Он поглядел на Беляева:

— Василий Порфирьевич, скажите честно. Вы действительно не понимали, что происходит? Или просто закрывали глаза?

Главный лекарь молчал.

— Отвечайте! — рявкнул полковник.

— Я… понимал, господин полковник, — глухо произнес Беляев. — Но боялся. Боялся проверки, разбирательства, потери должности… Простите.

Энгельгардт долго смотрел на него. Потом покачал головой и повернулся ко мне:

— Капитан Воронцов, начинайте работы немедленно. Доктор Струве будет координировать с медицинской стороны. Василий Порфирьевич предоставит людей и материалы. Я остаюсь в Севастополе на неделю, буду проверять ход работ ежедневно.

— Слушаюсь, господин полковник!

Он направился по коридору. На ходу обернулся:

— Капитан, надеюсь на вас. Не подведите.

— Постараюсь, господин полковник.

Энгельгардт ушел. Мы остались втроем я, Струве и Беляев.

Главный лекарь стоял, опираясь о стену, словно все силы разом покинули его.

— Александр Дмитриевич, — произнес он тихо, — простите меня. Я… я не знаю, что на меня нашло.

Я посмотрел на него. Старик, испуганный, сломленный. Жалкий.

— Василий Порфирьевич, — сказал я, — Давайте исправлять сделанное. Мне нужны плотники, жестянщики, подсобные рабочие. Двадцать человек. И материалы. Доски, жесть, гвозди. Список принесу через час.

— Будет сделано, капитан.

— И еще. Распорядитесь освободить вторую палату. Переведите больных временно в другие помещения. Там работы масштабные, с больными не справимся.

— Хорошо.

Коридор ожил, санитары таскали ведра, фельдшеры спешили к больным, двери то и дело хлопали.

Я вернулся в свою палату. На ходу прикинул план. Первым делом осмотреть демонтированные участки. Оценить объем работ. Распределить людей по участкам. Начать с первой палаты, она пострадала сильнее всего.

Я достал через Зотова большой лист чертежной бумаги и принялся набрасывать план работ.

Сначала начертил план самого здания, без этого невозможно рассчитать объемы.

Главный корпус госпиталя представлял собою массивное двухэтажное строение из крымского камня, вытянутое с запада на восток. Длина около шестидесяти саженей, ширина пятнадцать. Толстые стены, узкие окна, покатая крыша, все говорило о том, что здание строилось еще в прошлом столетии, когда о комфорте больных заботились меньше, чем о прочности конструкции.

Первый этаж занимали палаты. Я аккуратно нанес на план каждую:

Палата номер один самая большая, в западном крыле. Пятьдесят аршин в длину, двадцать в ширину, высота потолков три сажени. Тридцать коек вдоль стен. Две печи, в начале и конце помещения. Четыре окна на южной стороне, высоко под потолком.

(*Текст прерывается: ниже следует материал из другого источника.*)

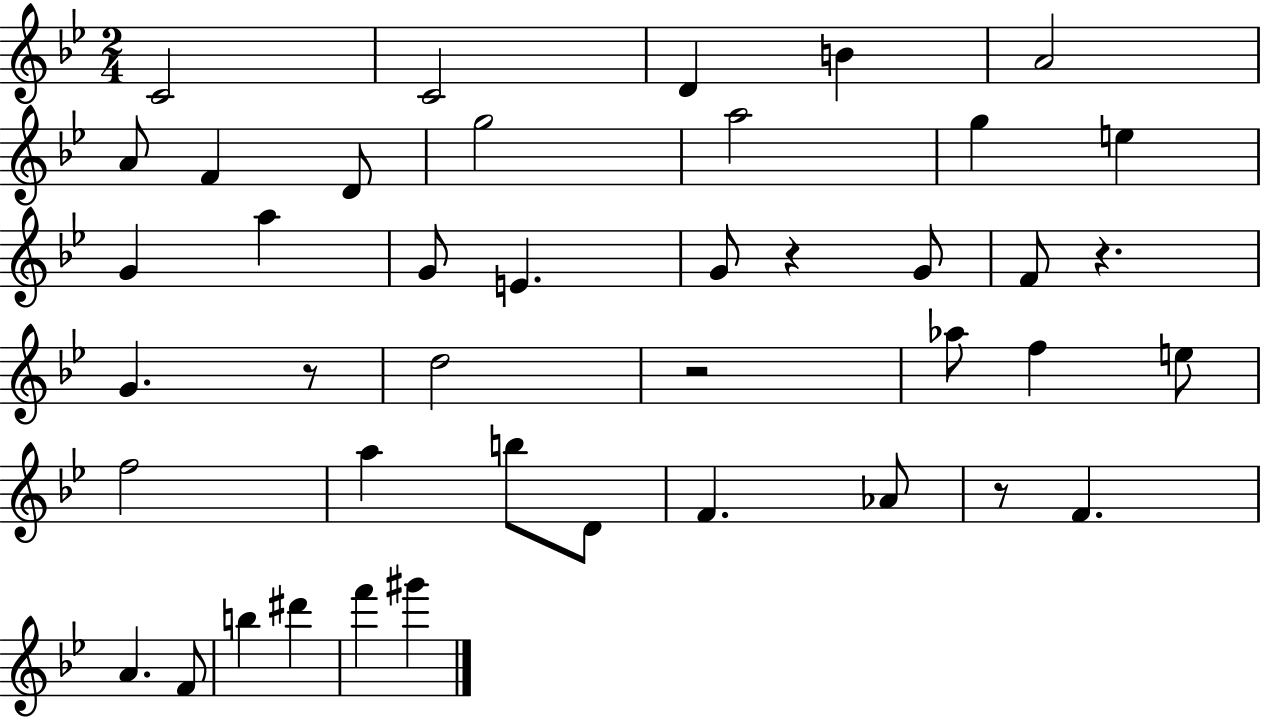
{
  \clef treble
  \numericTimeSignature
  \time 2/4
  \key bes \major
  c'2 | c'2 | d'4 b'4 | a'2 | \break a'8 f'4 d'8 | g''2 | a''2 | g''4 e''4 | \break g'4 a''4 | g'8 e'4. | g'8 r4 g'8 | f'8 r4. | \break g'4. r8 | d''2 | r2 | aes''8 f''4 e''8 | \break f''2 | a''4 b''8 d'8 | f'4. aes'8 | r8 f'4. | \break a'4. f'8 | b''4 dis'''4 | f'''4 gis'''4 | \bar "|."
} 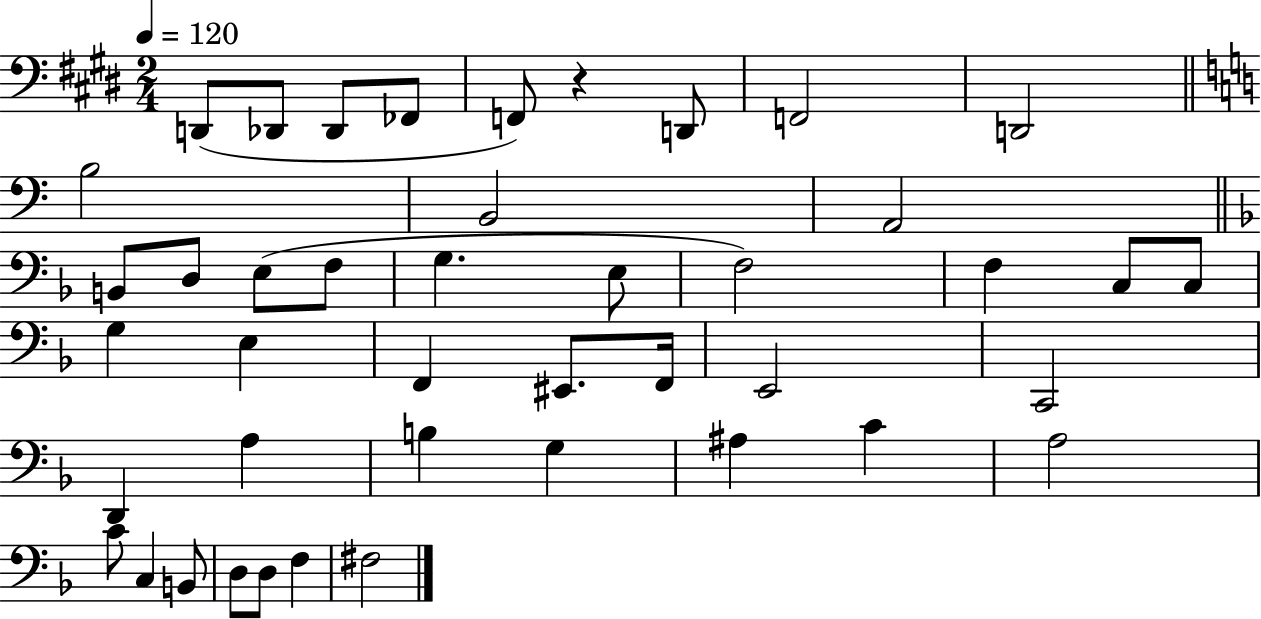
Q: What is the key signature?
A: E major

Палата номер два, чуть меньше, сорок пять на двадцать аршин. Двадцать пять коек. Одна печь. Три окна.

Палата номер три экспериментальная. Сорок на восемнадцать аршин. Двадцать коек. Здесь система вентиляции частично сохранилась. Воздуховоды от печи еще не демонтированы полностью, решетки на месте.

Палата номер четыре в восточном крыле, симметричная второй. Сорок пять на двадцать аршин.

Палата пять самая маленькая, тридцать пять на пятнадцать аршин. Пятнадцать коек. Система вентиляции здесь вообще не устанавливалась.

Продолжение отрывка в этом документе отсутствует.